In charge of

The phrase in charge of is a wonderful thing. Sometimes we speed right past it without pausing to consider the depth of what it communicates about authority. Merriam-Webster tells me that in charge of is an idiom, it is an expression peculiar to English speaking people. The form of the phrase suggests all kind of true and wonderful things. The peculiarities of this particular phrase point us towards a richer understanding of authority and responsibility.

The English noun charge comes from Anglo-French charger. The first definition listed in the dictionary, is an obsolete one meaning a load or weight. In English we can speaking of charging a weapon, which means to load it. Discharging a firearm means to fire it, which expends and expels the ammunition that was previously loaded. To be charged means to be loaded or burdened.

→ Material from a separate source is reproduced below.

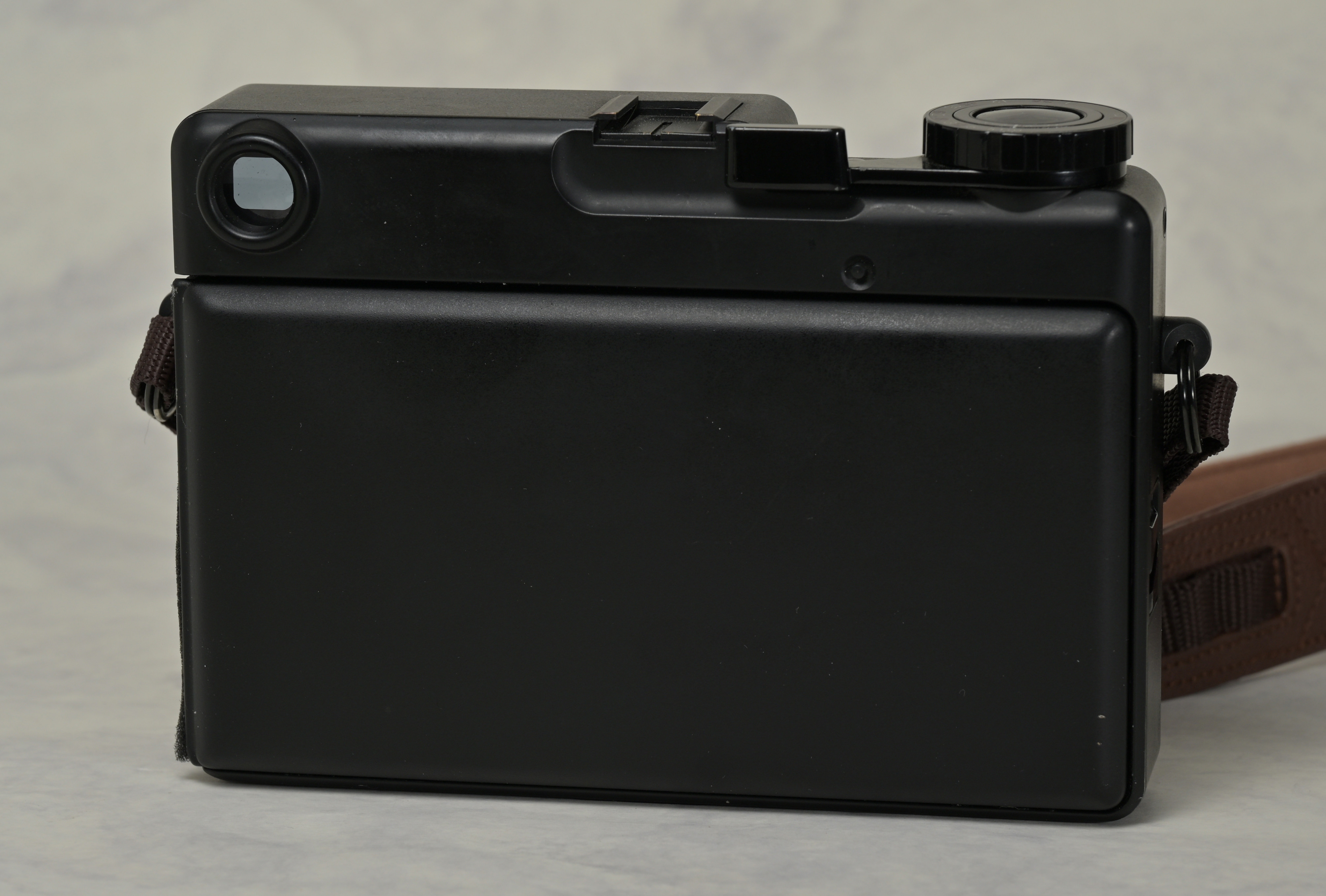 写真の撮れる高級弁当箱を愛そう。Plaubel Makina 67について：カメラ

Although we may tend to think of being in charge as holding power or having control, it is first an obligation, a duty.

Every instance of human authority is as much responsibility as it is power. Spider-man’s writers were right: with great power comes great responsibility. The grammar and etymology of in charge begs us to consider that authority is a weighty thing.

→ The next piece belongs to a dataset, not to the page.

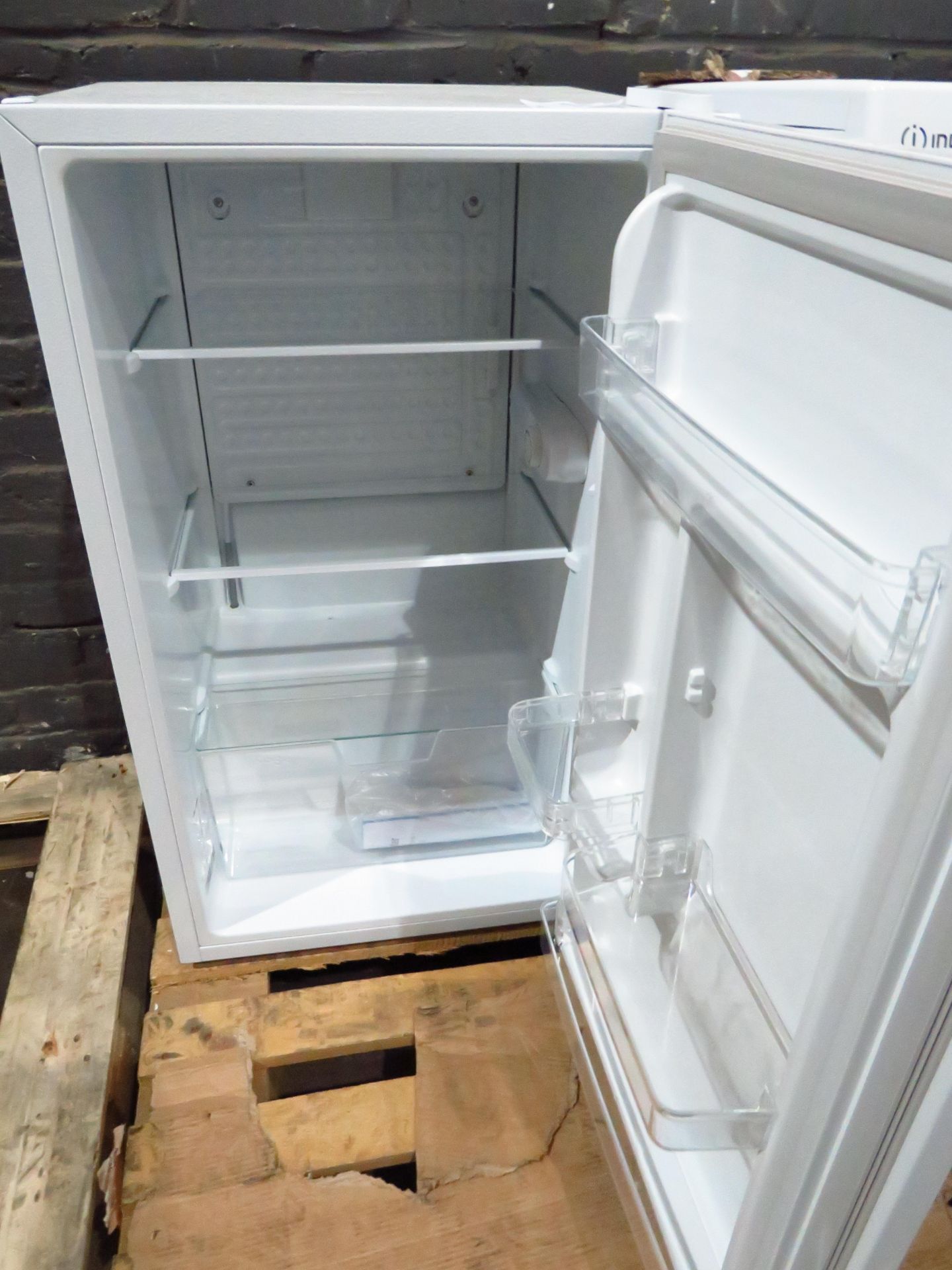 Fridgemaster under counter fridge, tested working. RRP œ129 - Image 2 of 2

To describe someone as being in charge always suggests (although we may not notice!) that there is a higher authority to which the one in charge answers. You might use the phrase in charge without intending any reference to a higher power, but you really shouldn’t. You would do better to choose another phrase, if that is your intent. If you say “I’m in charge here,” we might ask who put you in charge. There must be someone who charged you with this authority. How did you come to bear this responsibility?

The word charge can be use to refer directly to those things entrusted to the care of another. Minor children are sometimes referred to as charges.

At long last, each of our charges was tucked in bed.

—Ann M. Martin, Baby-sitters’ Winter Vacation

Whenever charge is used of a child (or some other dependent) it always suggests that the person has been committed to the oversight of another. This immediately communicates several things.

First, it tells us that the child is valuable, he is to receive care and attention.

Second, it tells that there is a right way and a wrong way for the charge to be treated. It suggests some fragility or vulnerability. Secret Service agents are only placed in charge of the president’s safety because he is mortal. If he were invulnerable, there would be no need, and thus no Secret Service.

Third, it tells us that this is a delegated responsibility. The person in charge received this duty from someone else.

Fourth, it tells us that the person in charge is answerable to that higher authority.

Fifth, it tells us that the person in charge is responsible for the proper disposition (or treatment) of that which has been committed to him.

So then when one person is in charge of another, we understand immediately that this is a delegated authority, with a matching responsibility for the proper treatment of the charge. This authority is delegated because the higher power recognizes, and is giving attention to, both the value and the vulnerability of the one who is committed to the care of another. A mature understanding of what it means to be in charge takes all this in at a glance.

The same ideas are involved when someone is placed charge of something rather than someone, although the proper treatment of things is very different from the proper treatment of persons.

At the risk of boring you with repetition I will say, that it really is wonderful what this English idiom hints at, and suggests to us, by the way it is constructed. It’s almost as if generations of English speakers are teaching us something about authority just by the language they left to their heirs.